A senior administration official said there are "discussions going on" about a possible U.S. request to the Israelis to delay the planned evacuation of the Chouf. Speakes refused to comment on this possibility, however.

Speakes also said that the special situation group recommended, and Reagan accepted, that a "key element" of U.S. policy continue its support of the Lebanese government.

Reagan telephoned relatives of one of the slain soldiers, Staff Sgt. Alexander Ortega, 25, of Rochester, N.Y. He also planned to telephone relatives of the other Marine, Second Lt. Don Losey, 28, of Winston-Salem N.C., Speakes said.

The Reagan administration stopped short today of claiming that Syria was directly responsible for the violence that killed the two Marines. But officials were strikingly critical of Syria in both public and background statements.

After consulting with senior administration officials, Speakes said, "The latest fighting points to the urgent need for Syria to work out its own withdrawal with the Lebanese government." Responding to questions, he added that, "The Syrians' refusing to withdraw is certainly a complicating factor that has had an effect on the situation there."

Speaking on condition he not be identified, another official said, "It's obvious the Syrians have motivations," which he described as preventing the Lebanese army from moving into positions evacuated by the Israelis in the Chouf Mountains. He also said the Syrians "could be" seeking the withdrawal of the contingent of U.S. Marines in the multinational peace-keeping force.

"It is quite evident that the missing link in the peace process is Syrian refusal to . . . withdraw," Speakes said, adding that there is "no misunderstanding" the close relationship between the Syrians and the Soviets or the Syrian influence over warring religious factions in Lebanon.

Questioned about the basis for this claim, Speakes said, "The statement is not made lightly."

Another official said McFarlane is attempting to convince one religious faction, the Christian Druze, to allow the peaceful deployment of Lebanese armed forces in the Chouf Mountains when the Israelis leave. McFarlane met in Paris on Saturday with Walid Jumblatt, the head of Lebanon's Druze community, to discuss this.

The administration official said Jumblatt wants assurances that the Druze will not suffer for laying down their arms when the Lebanese army takes control. Jumblatt's "real next step" is to consult the Syrians, the official said, and the administration says it fears that Syria will urge the Druze not to allow the Lebanese army to move in peacefully.

Although McFarlane was reported to have had "encouraging" talks with the Druze leader in Paris, the Druze artillery joined Shiite Moslem guerrillas in attacking the U.S. Marine and Lebanese army positions in Beirut, according to an official here.

The official said it was difficult to explain why the Druze had joined in the attack. He added that the attack had been led by the Shiite Moslem guerrillas "supported" by Druze artillery.

Speakes attempted to draw a distinction between McFarlane's talks in Paris and the violence in Beirut.
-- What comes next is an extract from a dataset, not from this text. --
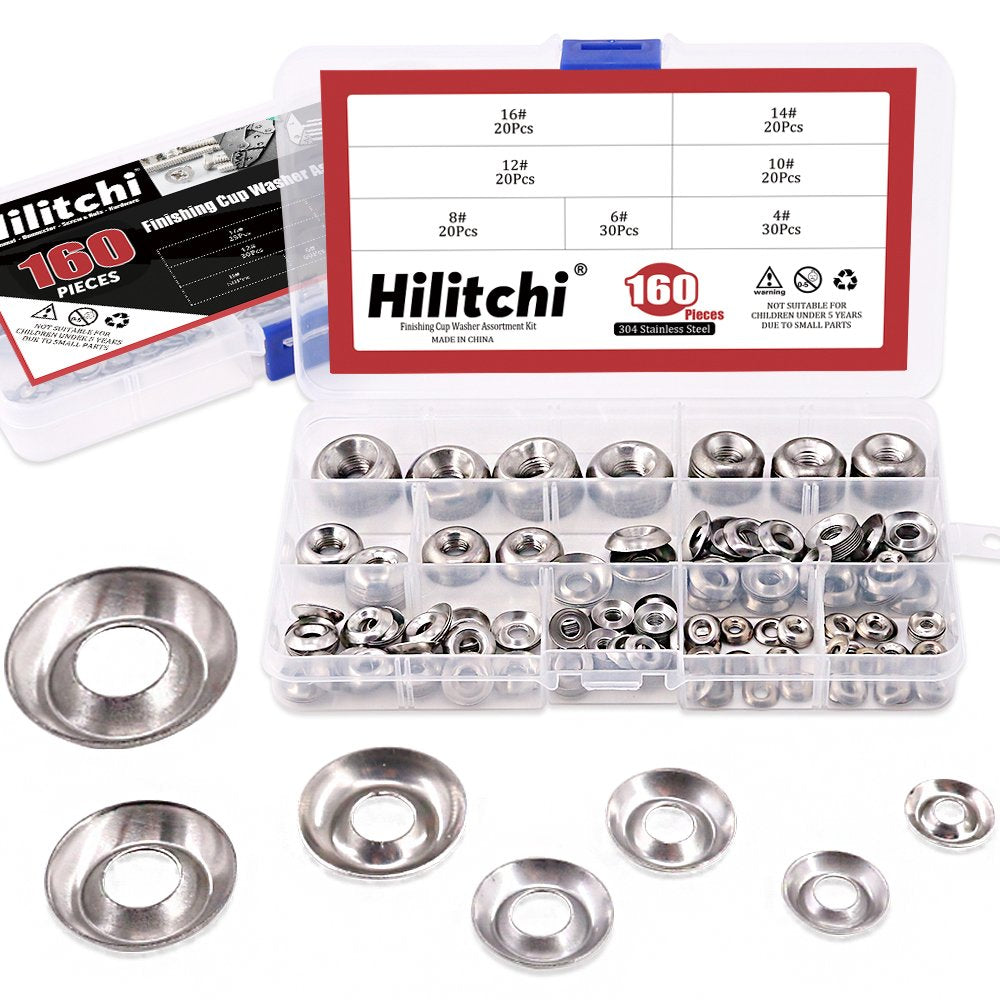 [Australia - AusPower] - Hilitchi 304 Stainless Steel [#4 - #16] Finishing Cup Countersunk Washer Assortment Set - 160 Pieces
The violence, he said, was a situation "that is taking place in a specific area on the ground."

The two Marines were the first combat casualties since U.S. Marines were dispatched to Lebanon Aug. 25, 1982, in the aftermath of the Israeli invasion. A Marine was killed last fall defusing bombs in the area.

Reading a statement to reporters after talking to Reagan by telephone, Speakes said, "We are shocked and grieved by the deaths of the U.S. Marines in Lebanon."

"We condemn those who are responsible for the continuing violence which has claimed many victims, including our own Marines," he said. "Once more, we call on all elements to end this senseless violence and unite behind the Lebanese government to restore national harmony."

"It is our intention that they the Marines will stay there to perform this peace-keeping role that they were sent there, and that they have been largely successful in doing," Speakes said. Reagan was awakened at 1:55 a.m. California time by Clark and told of the killing of the Marines, according to Speakes, who said Reagan "expressed profound sorrow" and called the deaths "tragic."